For the records below, output word for word the lines from the one with "Windows 11 strongly" up to and including the one with "One of the things". No pictures.

## Record extracts
_ _ _

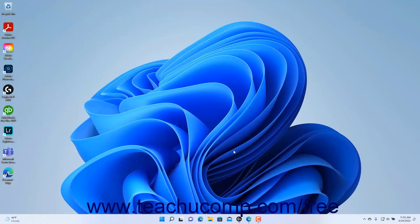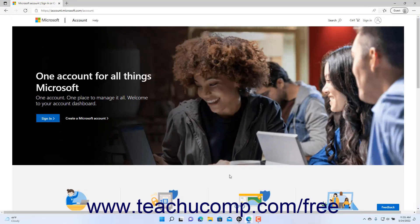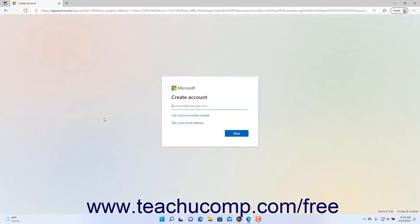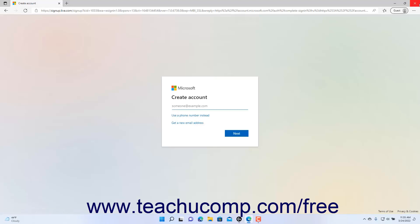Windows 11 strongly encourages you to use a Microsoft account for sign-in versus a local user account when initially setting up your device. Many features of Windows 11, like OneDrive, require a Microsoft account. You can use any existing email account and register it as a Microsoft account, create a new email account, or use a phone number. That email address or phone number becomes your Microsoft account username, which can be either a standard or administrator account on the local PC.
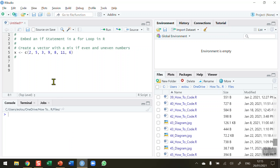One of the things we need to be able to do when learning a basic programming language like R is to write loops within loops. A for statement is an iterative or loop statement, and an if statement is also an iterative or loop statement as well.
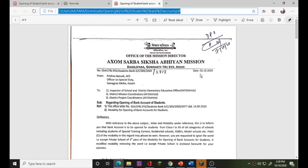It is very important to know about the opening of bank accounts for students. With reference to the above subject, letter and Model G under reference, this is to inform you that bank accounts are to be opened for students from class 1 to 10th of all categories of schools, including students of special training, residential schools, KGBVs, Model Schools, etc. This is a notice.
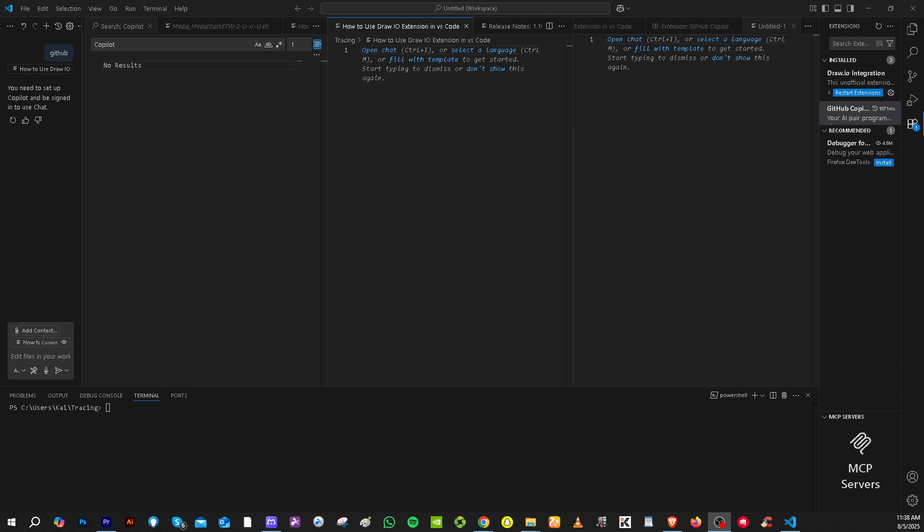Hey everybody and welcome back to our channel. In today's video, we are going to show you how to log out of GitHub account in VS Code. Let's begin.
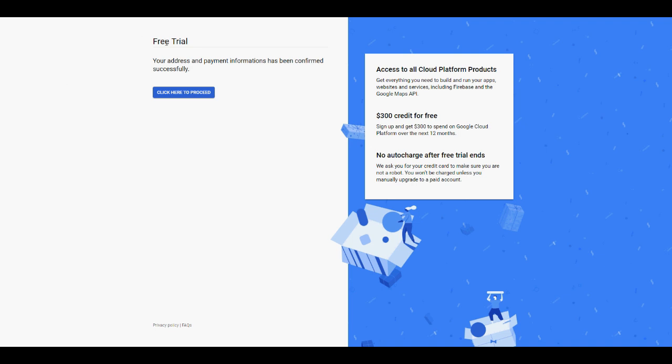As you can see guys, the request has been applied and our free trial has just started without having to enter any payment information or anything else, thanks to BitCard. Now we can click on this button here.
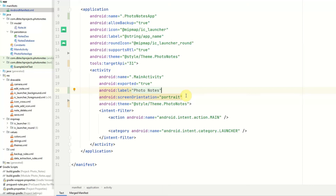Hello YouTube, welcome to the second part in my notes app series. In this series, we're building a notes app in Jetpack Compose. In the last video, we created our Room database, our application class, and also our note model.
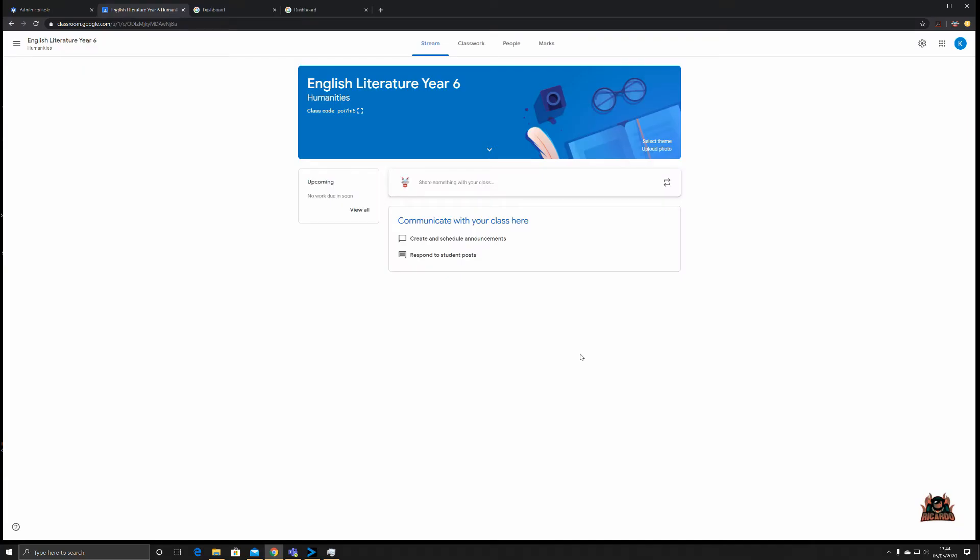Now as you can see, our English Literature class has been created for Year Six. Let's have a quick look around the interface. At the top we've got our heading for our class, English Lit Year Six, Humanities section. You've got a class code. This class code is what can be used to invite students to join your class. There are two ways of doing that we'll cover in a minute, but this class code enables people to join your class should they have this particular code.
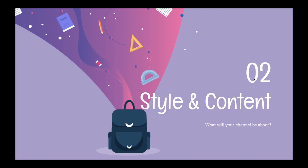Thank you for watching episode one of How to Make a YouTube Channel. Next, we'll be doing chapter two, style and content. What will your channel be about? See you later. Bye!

_ _ _

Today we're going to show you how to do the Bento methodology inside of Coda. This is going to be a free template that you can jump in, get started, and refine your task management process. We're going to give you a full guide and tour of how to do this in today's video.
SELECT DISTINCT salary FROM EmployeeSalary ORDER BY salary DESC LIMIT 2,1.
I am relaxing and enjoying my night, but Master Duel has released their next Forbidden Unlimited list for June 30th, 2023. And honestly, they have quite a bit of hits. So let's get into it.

_ _ _

## Written solution
Windows 11 strongly encourages you to use a Microsoft account for sign-in versus a local user account when initially setting up your device. Many features of Windows 11, like OneDrive, require a Microsoft account. You can use any existing email account and register it as a Microsoft account, create a new email account, or use a phone number. That email address or phone number becomes your Microsoft account username, which can be either a standard or administrator account on the local PC.
One of the things we need to be able to do when learning a basic programming language like R is to write loops within loops. A for statement is an iterative or loop statement, and an if statement is also an iterative or loop statement as well.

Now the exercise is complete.